*Task description*. An exact copy is required of every line from the one with "ExDesigner | Personalisierung" through the end of the data below, and the pictures must stay out of it.

[Opening Collected data section]

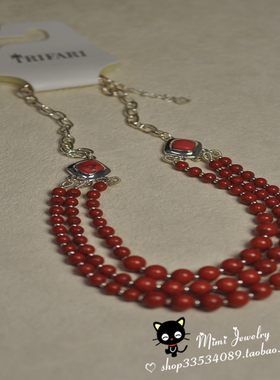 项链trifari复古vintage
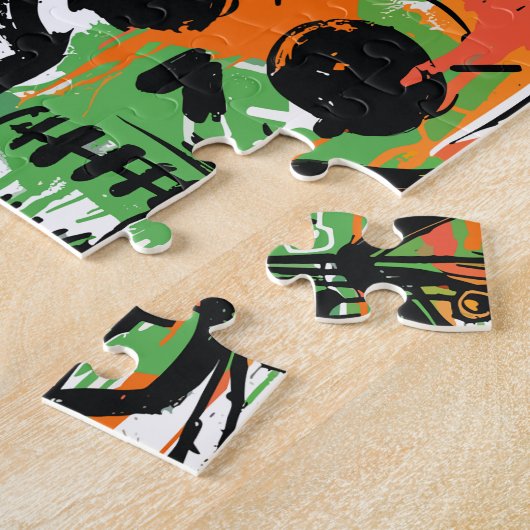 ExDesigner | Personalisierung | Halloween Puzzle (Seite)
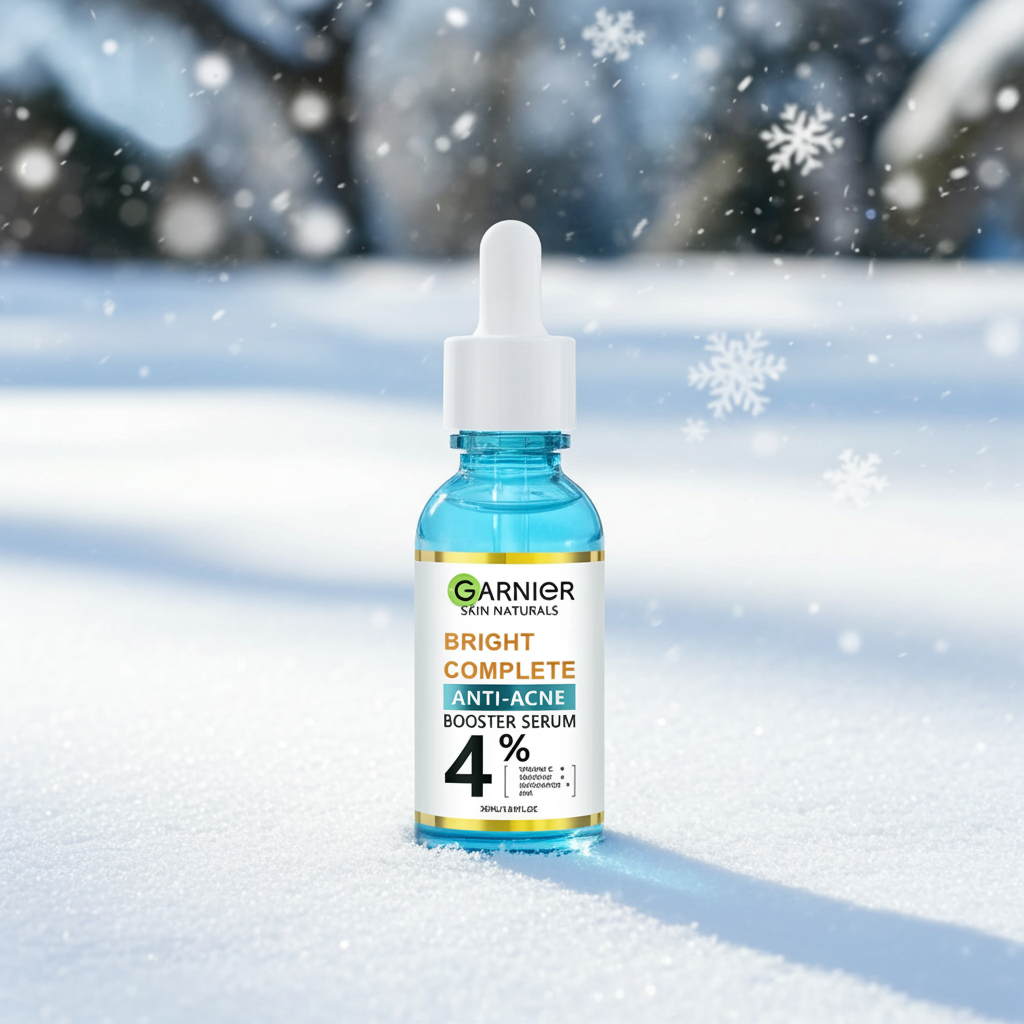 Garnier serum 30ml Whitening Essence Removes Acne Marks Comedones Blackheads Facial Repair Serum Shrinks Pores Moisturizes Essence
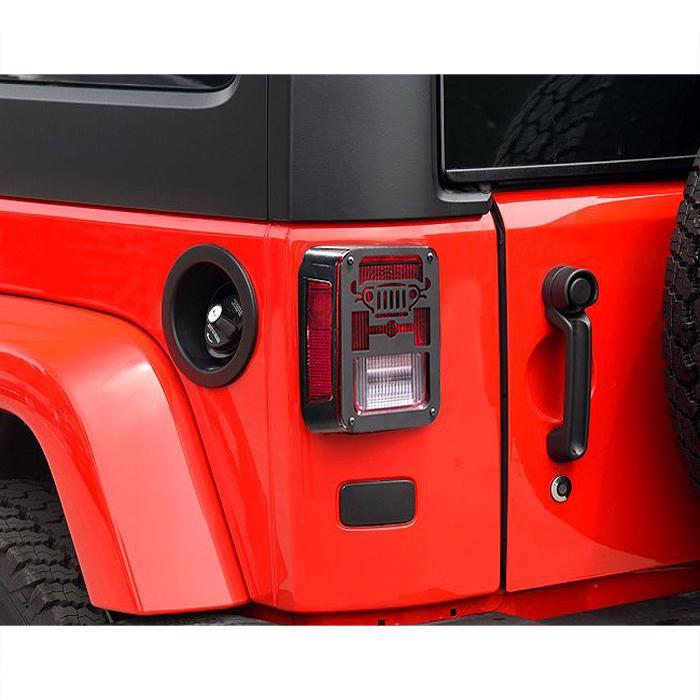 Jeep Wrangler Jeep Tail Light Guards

[Closing Collected data section]

*Problem solution*.
 ExDesigner | Personalisierung | Halloween Puzzle (Seite)
 Garnier serum 30ml Whitening Essence Removes Acne Marks Comedones Blackheads Facial Repair Serum Shrinks Pores Moisturizes Essence
 Jeep Wrangler Jeep Tail Light Guards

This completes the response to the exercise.